Necurs Botnet Evolves to Hide in the Shadows, with New Payloads | Threatpost

Necurs, the prolific and globally dispersed spam and malware distribution botnet, has been spotted using a fresh hiding technique to avoid detection while quietly adding more bots to its web.

According to research from Black Lotus Labs, which is telecom and ISP provider CenturyLink’s network security arm, Necurs last year began implementing regular, sustained downtime segments for its command-and-control (C2) infrastructure – so that from about May of last year it was active for roughly three weeks before going quiet for two weeks, and then re-emerging again.

Most recently, the spells of downtime have elongated.

“At times, they’ve been known to be inactive for weeks,” the firm said, in a blog post on Thursday. “Most recently, the C2s have gone offline for most of the last four months, coming online for short periods of time about once a week.”

“Necurs is the multitool of botnets, evolving from operating as a spam botnet delivering banking trojans and ransomware to developing a proxy service, as well as cryptomining and DDoS capabilities,” said Mike Benjamin, head of Black Lotus Labs, in a media statement. “What’s particularly interesting is Necurs’ regular cadence of going dark to avoid detection, reemerging to send new commands to infected hosts and then going dark again. This technique is one of many the reasons Necurs has been able to expand to more than half a million bots around the world.”

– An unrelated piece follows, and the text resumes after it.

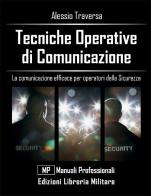 Tecniche operative di comunicazione. La comunicazione efficace per operatori della sicurezza di Alessio Traversa edito da Libreria Militare Editrice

Necurs is still the second-most prevalent of spam botnets just behind Gamut, according to the December report. Necurs’ roughly 570,000 bots are distributed globally, with about half located in the following countries, in order of prevalence: India, Indonesia, Vietnam, Turkey and Iran, according to Black Lotus telemetry. It estimates that out of those, about 90,000 are “orphaned” Necurs bots, meaning that they have no C2 communication.

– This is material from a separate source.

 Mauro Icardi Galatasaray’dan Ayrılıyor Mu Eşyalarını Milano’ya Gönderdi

“However, orphaned bots aren’t necessarily permanently removed from the botnet. We have recently observed DGA13 bots that had long been inactive regain communication with Necurs C2s,” researchers said.

In addition to the on-and-off again approach for its C2, the botnet’s payloads have evolved too, Black Lotus has observed.

“Last year, Necurs was used for spamming stock and cryptocurrency pump-and-dump schemes, as well as helping lonely individuals find love through dating site spam,” according to the blog. “Most recently, Necurs has been seen pushing out infostealers and RATs, like AZOrult and FlawedAmmyy, to targeted hosts based on specific information found on infected hosts and deploying a new sophisticated .NET spamming module which can send spam using a victim’s email accounts. These new capabilities represent a significant increase in Necurs’ ability to perpetrate spear-phishing, financial crimes and espionage.”

CenturyLink has been actively trying to sinkhole sections of Necurs, but the blog noted the difficulties in making that happen, thanks to the fact that Necurs uses a domain generation algorithm (DGA) to obfuscate its operations and avoid takedown.

“When the Necurs operators register a DGA domain to inform the bots of the new C2, the domain is not pointed to the real IP address of the new C2 host,” the firm explained. “Instead, the real IP address of the C2 is obfuscated with what is essentially an encryption algorithm. The bot will then ‘decrypt’ the obfuscated IP address and contact the new C2. This prevents researchers from being able to identify new C2s simply by querying the DGA domains, but more importantly, it makes it difficult for researchers to sinkhole these DGA domains.”

However, DGA is a double-edged sword: “Because the DGA domains Necurs will use are known in advance, security researchers can use methods like … analyzing DNS and network traffic to enumerate bots and the C2 infrastructure,” Black Lotus noted. It added, “In order to get the bot to talk to a sinkhole, the obfuscation function must be run against the real IP and the DGA domain’s A record must be set to the resulting value. This can be done by inverting the obfuscation algorithm and implementing it in the same way that the Necurs operators would.”